----- WORKING DATA -----
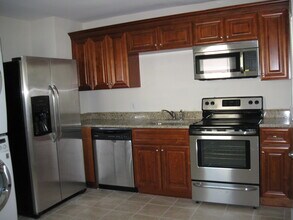 6 Cornell Dr in Hampton, VA - Building Photo - Building Photo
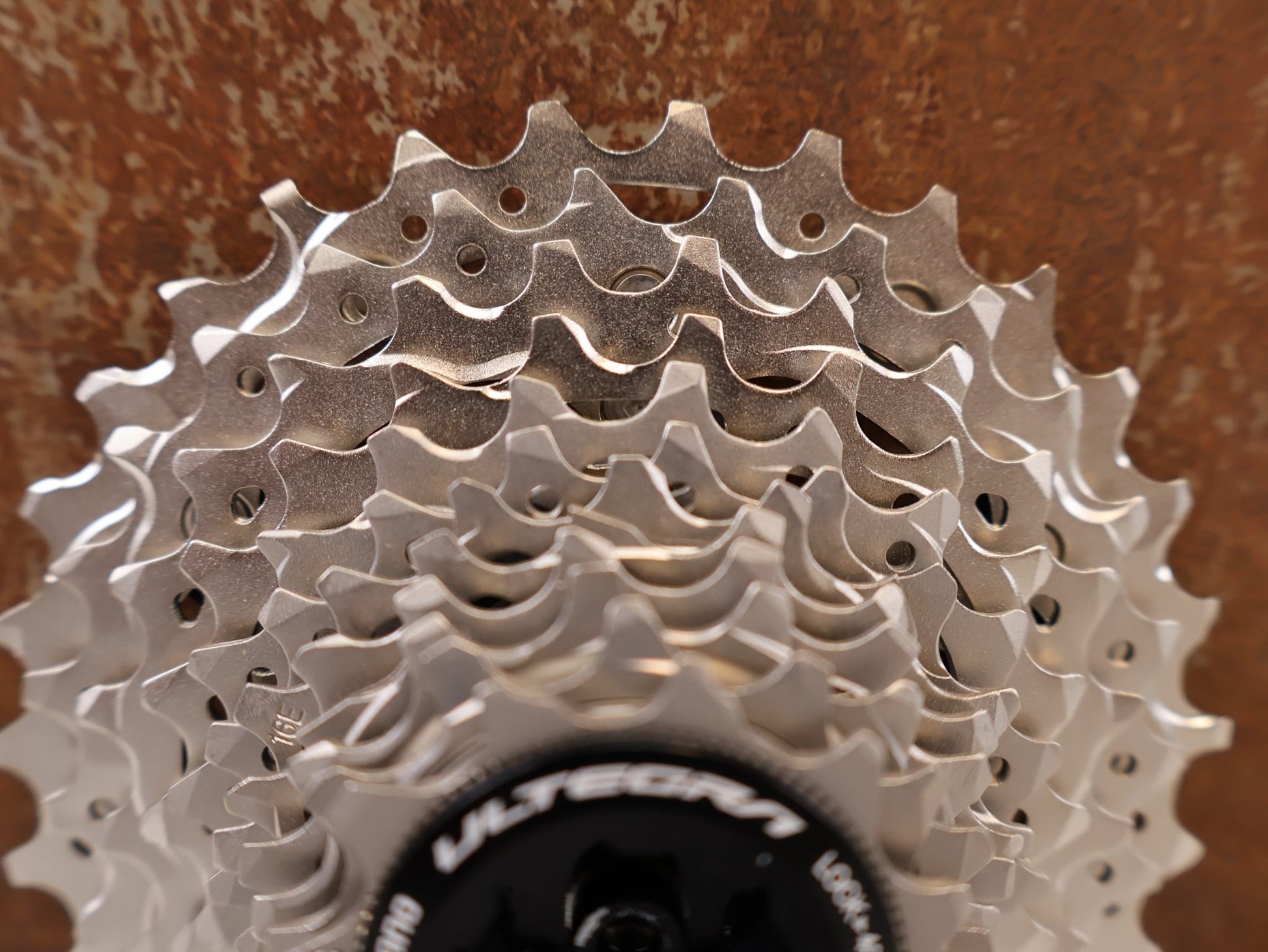 Kassette & Zahnkränze von Shimano, SHIMANO ULTEGRA CS-R8101 KASSETTE / 12-FACH 11-30Z ROAD DI2 HYPERGLIDE+ vor USEDBIKES-OB.DE Hintergrund
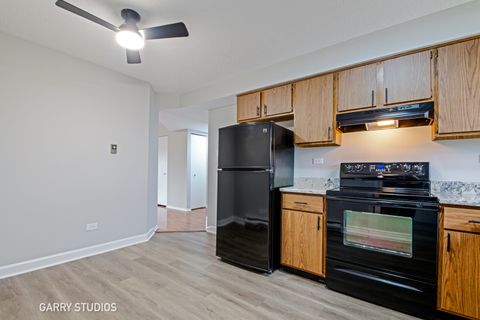 Tiny photo for 720 N Briar Hill Lane #5, Addison, IL 60101 (MLS # 12572519)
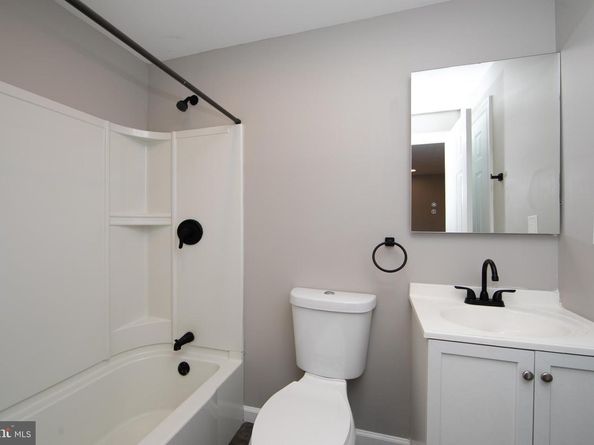 2537 Salmon Street, Philadelphia PA 19125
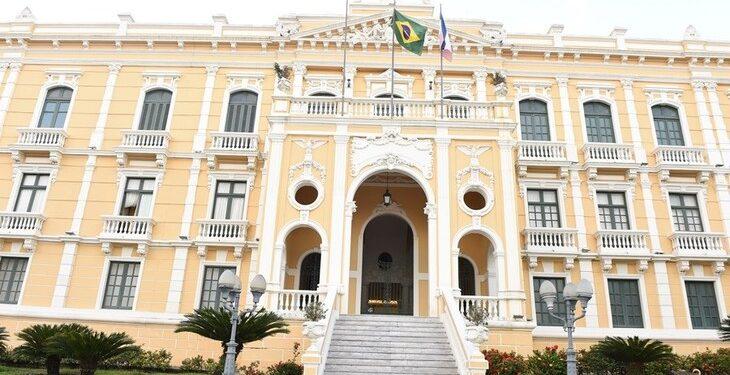 Servidores do ES terão aumento de 4,5% e vale-alimentação de R$ 800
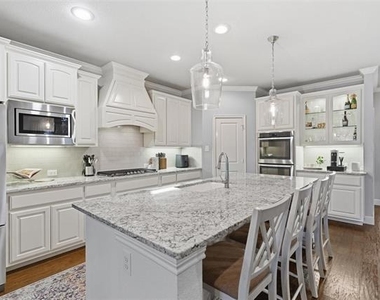 318 Blue Stem Lane - Photo Thumbnail 4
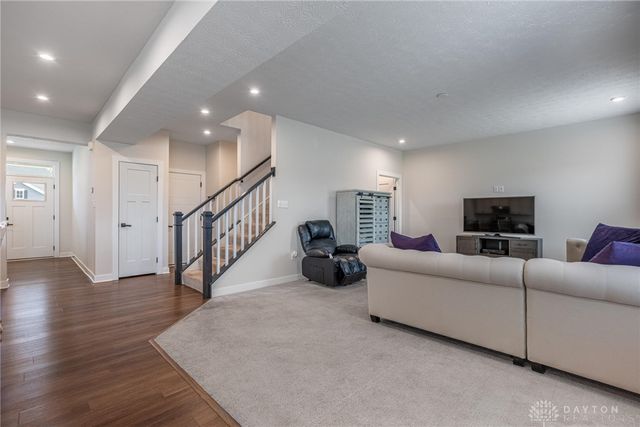 2758 Riverstone Drive, Xenia, OH 45385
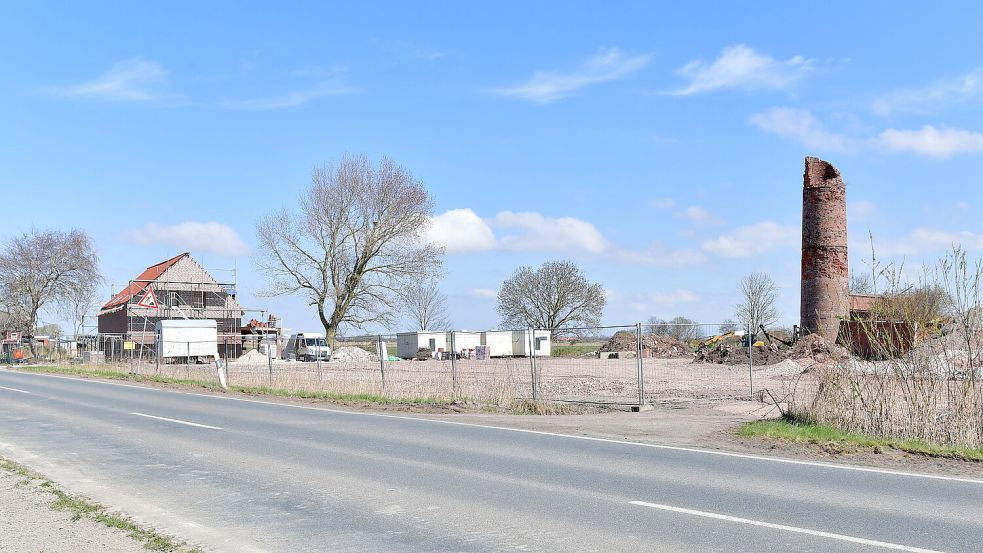 Zur Alten Ziegelei in Pilsum gehört auch viel Gelände. Der Investor hat einige Pläne dafür. Fotos: Wagenaar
-----
- **PROBLEM REQUIREMENTS**:
Skipping any pictures, transcribe the full listing exactly.

- **TASK OUTPUT**:
 6 Cornell Dr in Hampton, VA - Building Photo - Building Photo
 Kassette & Zahnkränze von Shimano, SHIMANO ULTEGRA CS-R8101 KASSETTE / 12-FACH 11-30Z ROAD DI2 HYPERGLIDE+ vor USEDBIKES-OB.DE Hintergrund
 Tiny photo for 720 N Briar Hill Lane #5, Addison, IL 60101 (MLS # 12572519)
 2537 Salmon Street, Philadelphia PA 19125
 Servidores do ES terão aumento de 4,5% e vale-alimentação de R$ 800
 318 Blue Stem Lane - Photo Thumbnail 4
 2758 Riverstone Drive, Xenia, OH 45385
 Zur Alten Ziegelei in Pilsum gehört auch viel Gelände. Der Investor hat einige Pläne dafür. Fotos: Wagenaar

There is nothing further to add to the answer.